# PROBLEM TO SOLVE:
Find the line with "Wiederverkauf - Wohnung" and the line with "GST Problems and" in the entries below; output exactly those two lines, every line between them, and no others.

# EXTRACTED INFORMATION:
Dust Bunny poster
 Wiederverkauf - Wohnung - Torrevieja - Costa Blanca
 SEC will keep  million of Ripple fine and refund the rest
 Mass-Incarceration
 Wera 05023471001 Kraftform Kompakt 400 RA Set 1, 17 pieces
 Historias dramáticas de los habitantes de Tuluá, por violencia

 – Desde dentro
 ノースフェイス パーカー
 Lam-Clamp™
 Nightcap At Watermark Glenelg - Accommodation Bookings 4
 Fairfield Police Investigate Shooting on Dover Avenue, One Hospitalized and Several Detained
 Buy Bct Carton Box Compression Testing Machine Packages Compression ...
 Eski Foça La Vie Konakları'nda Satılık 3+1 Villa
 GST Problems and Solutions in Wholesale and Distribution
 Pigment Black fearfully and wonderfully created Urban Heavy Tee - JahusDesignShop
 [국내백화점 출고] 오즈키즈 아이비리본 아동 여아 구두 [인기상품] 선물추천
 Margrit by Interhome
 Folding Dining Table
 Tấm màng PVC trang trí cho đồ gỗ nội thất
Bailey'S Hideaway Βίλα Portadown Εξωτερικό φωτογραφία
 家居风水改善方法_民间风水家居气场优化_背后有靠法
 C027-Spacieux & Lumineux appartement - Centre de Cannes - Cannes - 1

# TASK RESPONSE:
 Wiederverkauf - Wohnung - Torrevieja - Costa Blanca
 SEC will keep  million of Ripple fine and refund the rest
 Mass-Incarceration
 Wera 05023471001 Kraftform Kompakt 400 RA Set 1, 17 pieces
 Historias dramáticas de los habitantes de Tuluá, por violencia

 – Desde dentro
 ノースフェイス パーカー
 Lam-Clamp™
 Nightcap At Watermark Glenelg - Accommodation Bookings 4
 Fairfield Police Investigate Shooting on Dover Avenue, One Hospitalized and Several Detained
 Buy Bct Carton Box Compression Testing Machine Packages Compression ...
 Eski Foça La Vie Konakları'nda Satılık 3+1 Villa
 GST Problems and Solutions in Wholesale and Distribution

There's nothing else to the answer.